Stored data entries:
◆ ◆ ◆ ◆ ◆ ◆ ◆
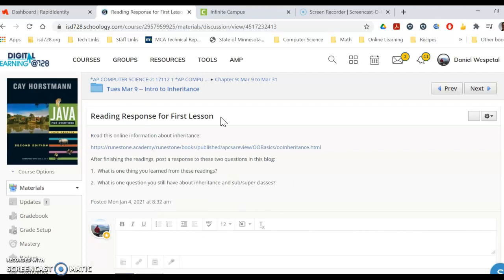So that's what we got for Tuesday, March 9th, and one of our last major topics here called inheritance.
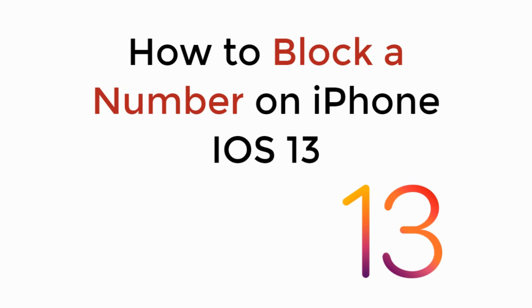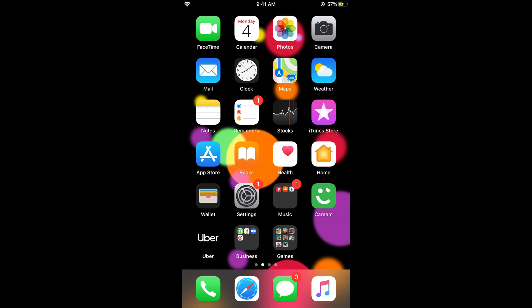In this video we will learn how to block a number on iPhone on iOS 13, so let's begin. If you want to block a contact on iOS 13, the process is really easy and simple.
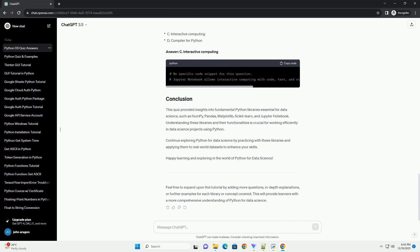Which Python library is utilized for machine learning tasks? Answer: D. Scikit-learn.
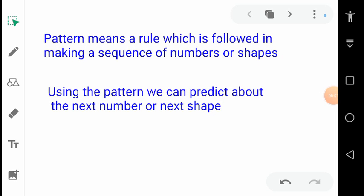Today's topic is related to patterns. A pattern means a rule which is followed in making a sequence of numbers or shapes. This is an important topic, and using the pattern we can predict the next number or next shape. Let me explain you about patterns.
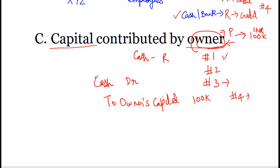So to recap: step one, we identified the parties to the transaction; step two, we identified the nature of the accounts; step three, we applied the golden rules of accounting; and step four, we passed the journal entry. In these three cases, I hope you have understood how easy it is to pass a journal entry for any financial transaction.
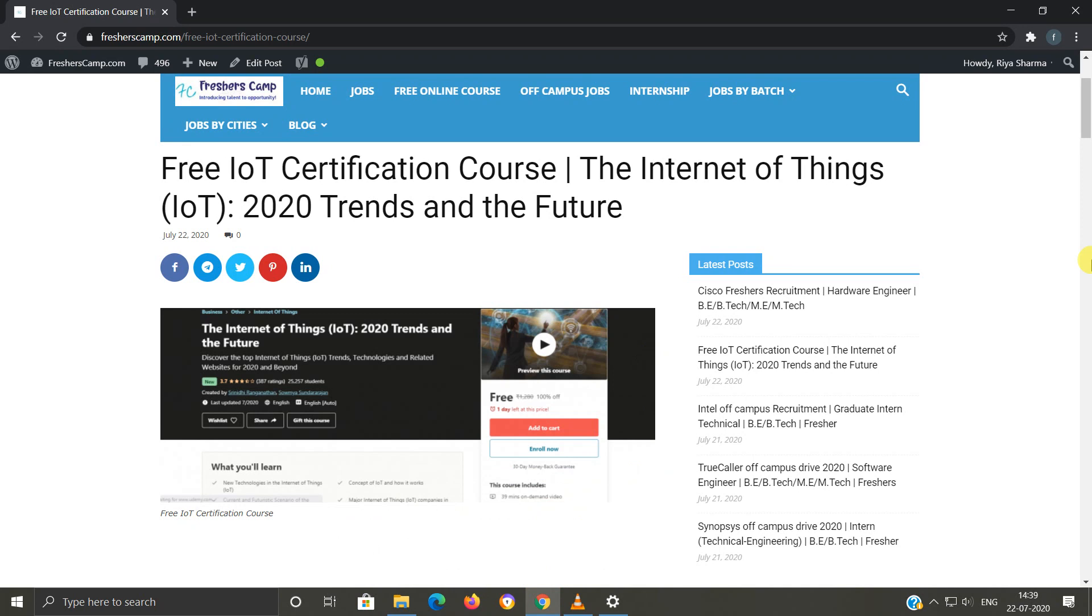Hey guys, welcome to Fresher's Camp. We are back with another opportunity for you guys, which is a free IoT certification course: The Internet of Things 2020 Trends and the Future.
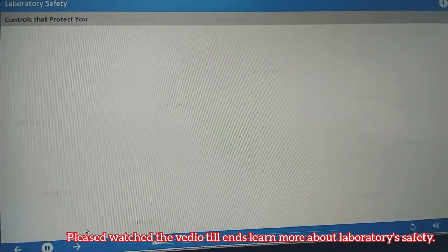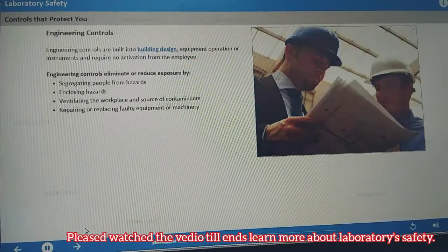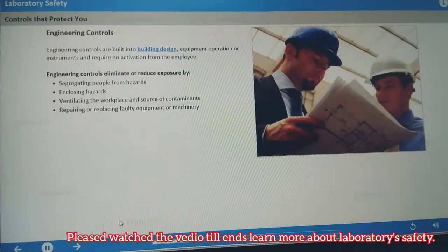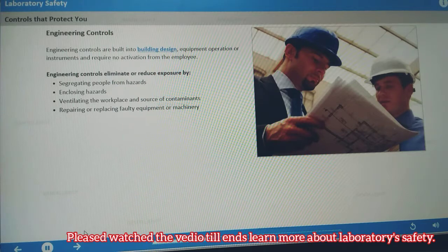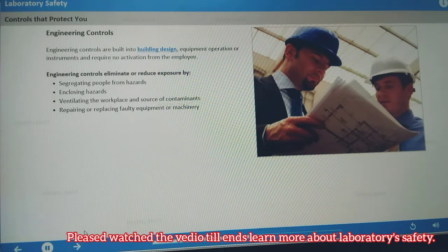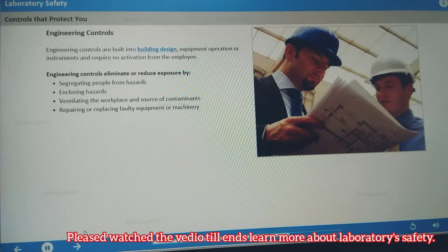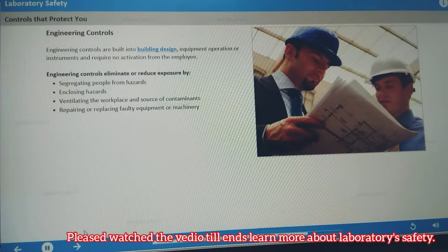Engineering controls are built into equipment operation or instruments and require no activation from the employee. Building design, ventilation systems, fume hoods, and self-capping syringe needles are examples. Engineering controls eliminate or reduce exposure to chemical or physical hazards by different methods.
◆ ◆ ◆ ◆ ◆ ◆ ◆
**TASK PROMPT**
All lines from the one with "Hey guys, welcome" through the end of the records above must be reproduced exactly, both ends included, and the pictures must be left out.

**EXERCISE OUTPUT**
Hey guys, welcome to Fresher's Camp. We are back with another opportunity for you guys, which is a free IoT certification course: The Internet of Things 2020 Trends and the Future.
Engineering controls are built into equipment operation or instruments and require no activation from the employee. Building design, ventilation systems, fume hoods, and self-capping syringe needles are examples. Engineering controls eliminate or reduce exposure to chemical or physical hazards by different methods.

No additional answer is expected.